Mad Men. Classic early '60s with narrow lapel, AS SEEN ON TV. 'yadda, yadda.'
As I have '60s suits and jackets, it is not inappropriate to slip a modern Ben Silver in there, but I haven't had to do so, as old-school ties show up as thrift items often...
YMMV,
regards to all,
rudy


----------



## dwebber18 (Jun 5, 2008)

I'm glad you all have such good luck at stores like this. I'm a large size so I typically can't find anything at all, and my stores here always have nothing but garbage. However, if I need a boxed shirt/tie combo I know exactly where to go.


----------



## pejm (Aug 21, 2007)

I stopped by my local Marshalls yesterday. They did have some Brooks Brothers suits on their clearance rack. Unfortunately, they were missing their pants.
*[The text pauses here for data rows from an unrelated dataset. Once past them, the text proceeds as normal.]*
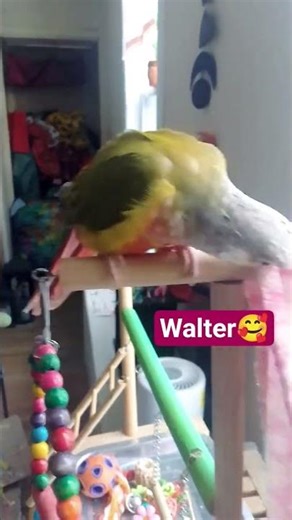 Walter the conure doing his silly dance & saying "Yep"🥰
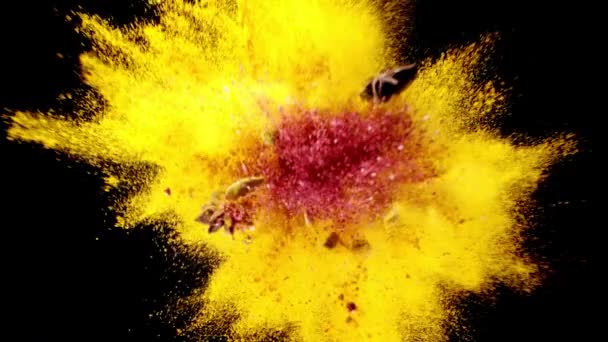 Exotiska Kryddor Flyger Upp Slow Motion Kryddor Explosion Svart Bakgrund — Stockvideo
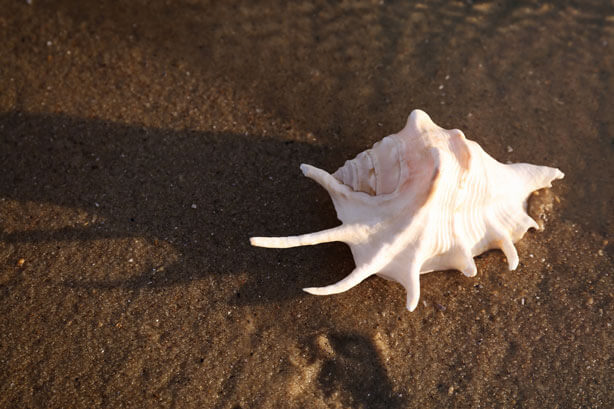 Seashell resting on dark sandy beach with shadows, close-up shot.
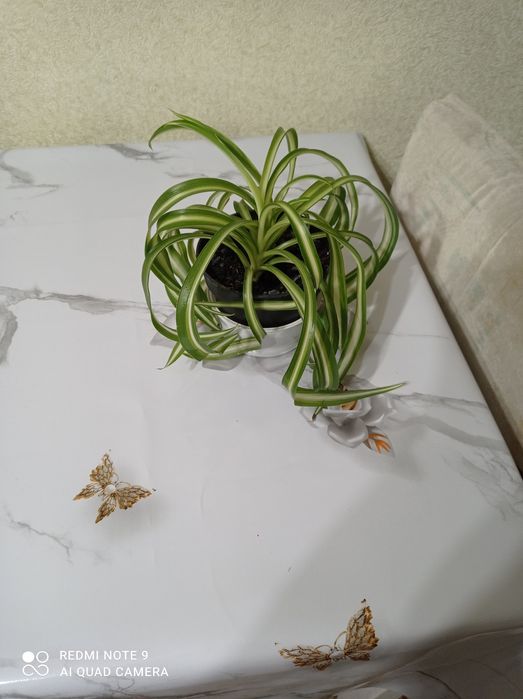 Цветы комнатные красивые.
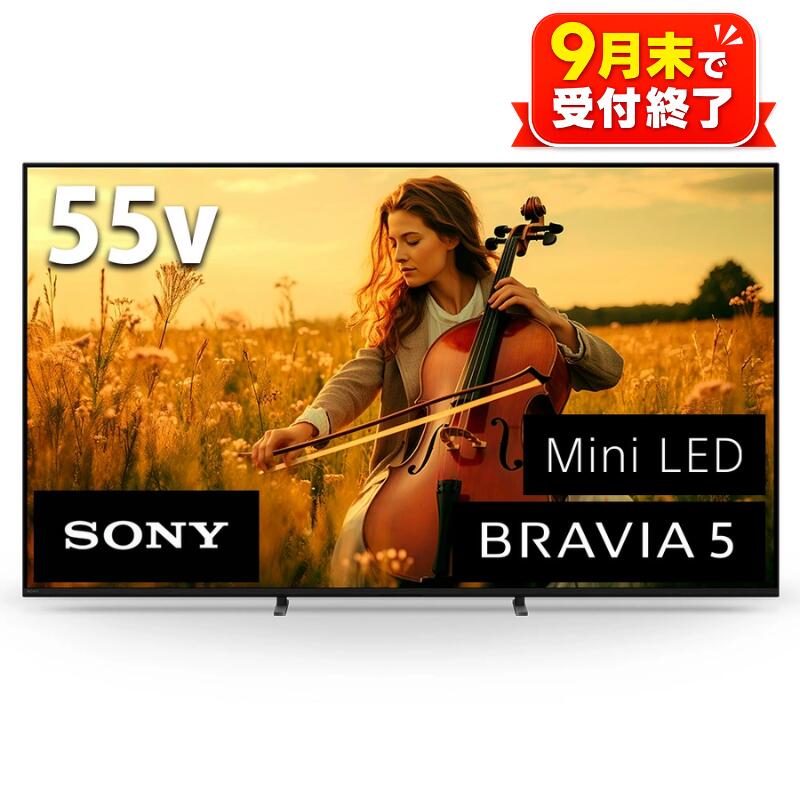 【ふるさと納税】 【ソニー】4K液晶テレビ　BRAVIA5　55型（設置あり）＜在庫限り＞ ／ テレビ てれび TV 液晶テレビ 液晶 ブラビア 4K高画質 4K画質 色鮮やか 大画面 おうち映画館 Mini LED搭載 臨場感 高音質 SONY 送料無料 神奈川県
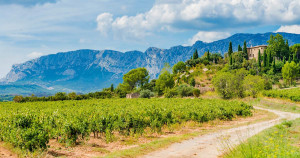 102 avant J.-C. : moqué par l’aristocratie romaine, le rustique Caius Marius savoure sa victoire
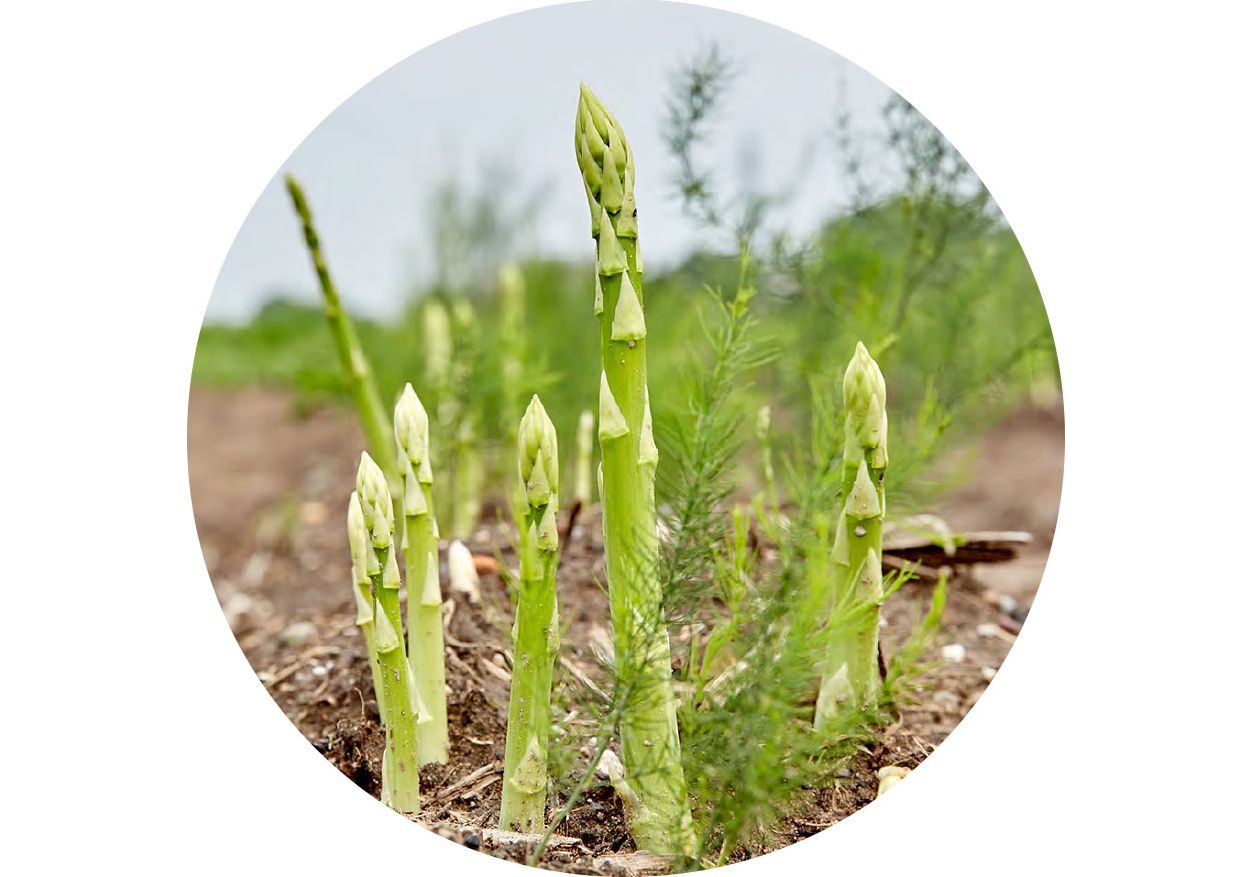 Bild grüner Spargel auf Feld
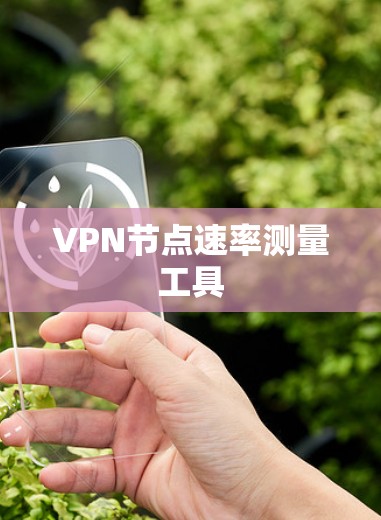VPN节点速率测量工具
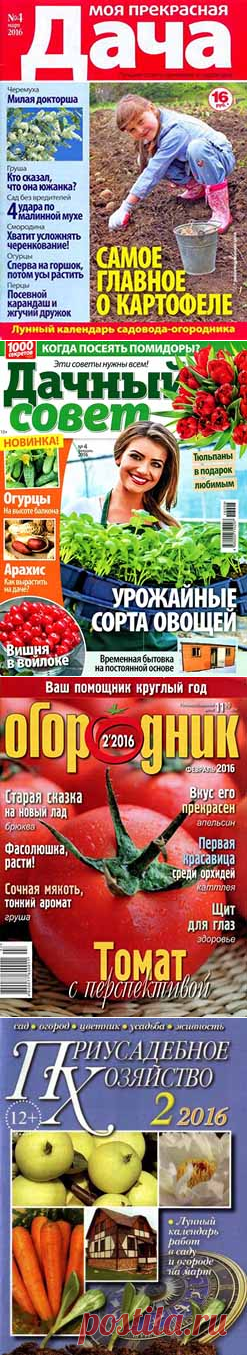 Fwd: цитата Veta-z : Кликаем....Читаем журналы он-лайн ( февраль 2016) (13:38 02-03-2016) [4580838/385798936] -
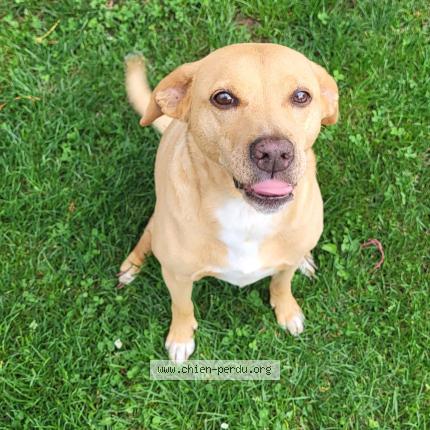 Photo 1/1 Chien retrouvé Perdu à Soues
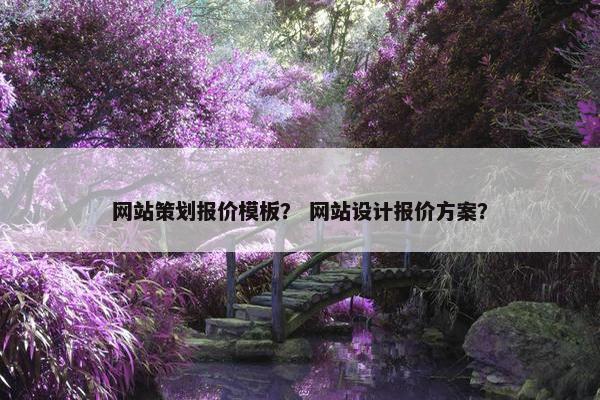 网站策划报价模板？ 网站设计报价方案？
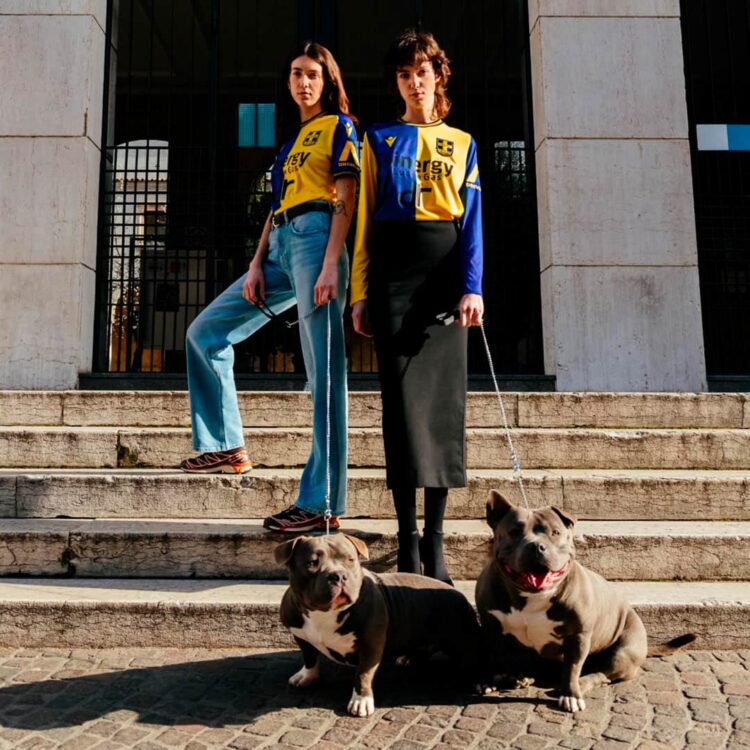 Kit Hellas Verona 120 anni con i mastini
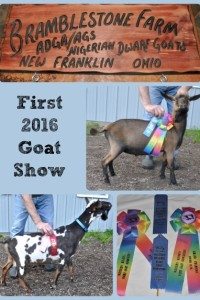 First 2016 Goat Show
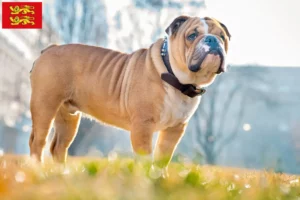 Read more about the article English Bulldog breeders and puppies in Normandy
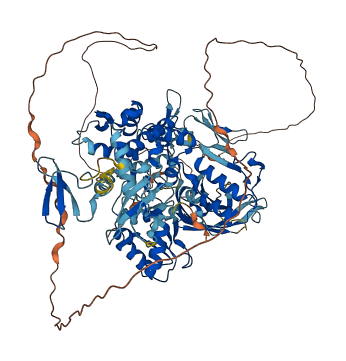 WWP1 3D structure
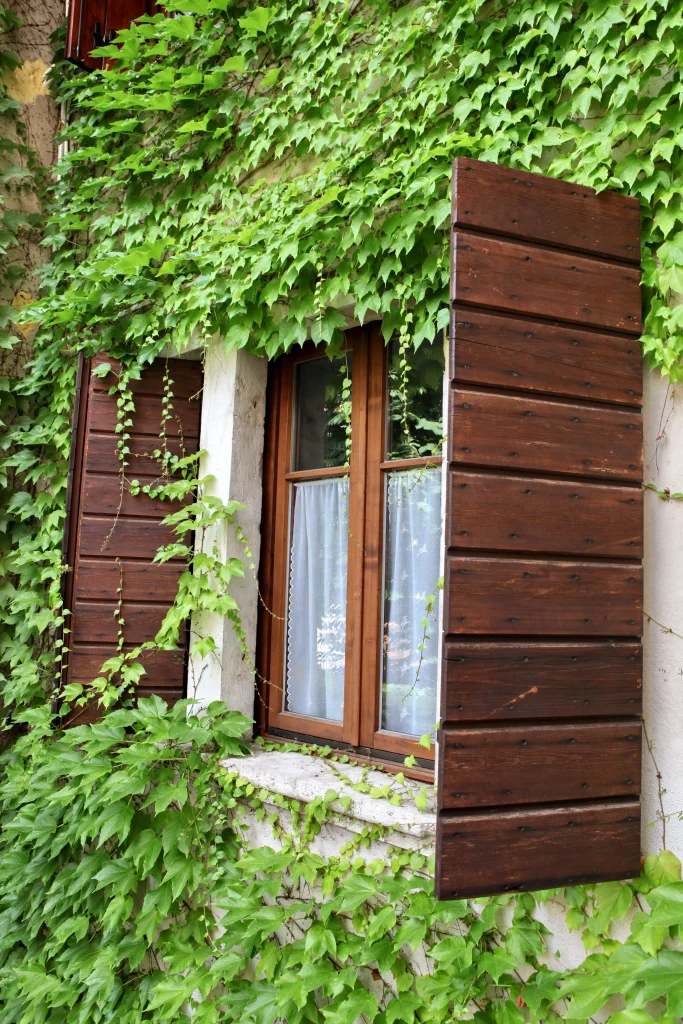 Finestra con edera sulla facciata, Hotel Accademia Trento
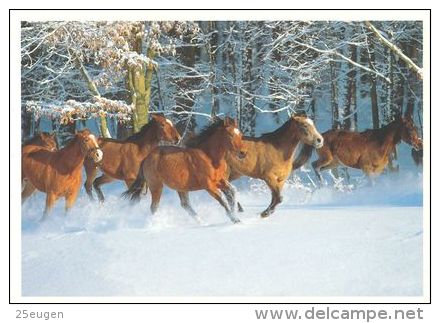 HORSES / PFERDE / CHEVAUX /  POSTCARD UNUSED SIZE XL  ( H  2042 ) - Pferde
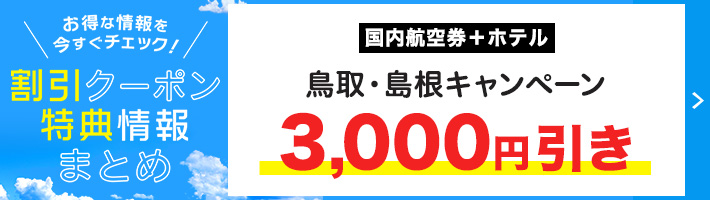 国内航空券＋ホテル3,000円引き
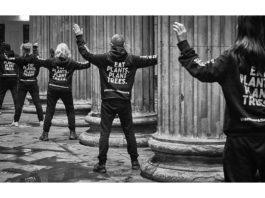 Rooting for diet change people wearing "eat plants. plant trees" hoodies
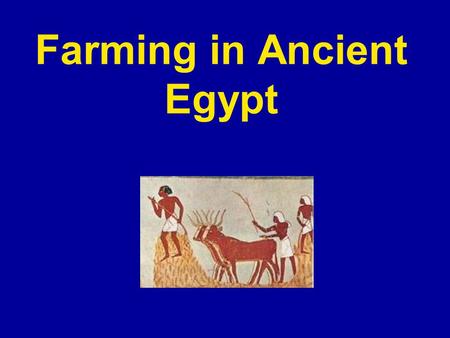 Farming in Ancient Egypt. What crops did the Egyptian Farmers grow? Egyptians grew crops such as wheat, barley, vegetables, figs, melons, pomegranates.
I'll have to keep a look out in the future.

I did find a Polo Ralph Lauren pea coat (I've been looking for a new pea coat) for $69, marked down from $495.00, so it was definitely worth the visit.


----------



## Taken Aback (Aug 3, 2009)

pejm said:


> I did find a Polo Ralph Lauren pea coat (I've been looking for a new pea coat) for $69, marked down from $495.00, so it was definitely worth the visit.


That's a nice find. I wonder if the blackwatch ones have made it to these stores too.


----------



## dparm (Nov 18, 2008)

Last month I snagged two $125 Ralph Lauren full grain leather dress belts at Marshalls. I had been looking for a reasonably-sized and moderately-priced leather dress belt in black, and another in dark brown. They were marked down to $19.99 each. Polished buckles, smooth texture with a hint of grain, and NOT the cheap reversible kind that are corrected grain. Perfect with a suit or cords. SOLD.


----------



## Bermuda (Aug 16, 2009)

By the way, TJ Maxx is practically the same exact store as Marshall's. In fact, they may even be owned by the same company


----------



## Taken Aback (Aug 3, 2009)

They are.


----------



## Ekphrastic (Oct 4, 2009)

I'll have to try TJ Maxx; went to a Marshall's today--nothing of note, except for some burly Woolrich and Cabot socks (if you're, you know, in need of burly socks).


----------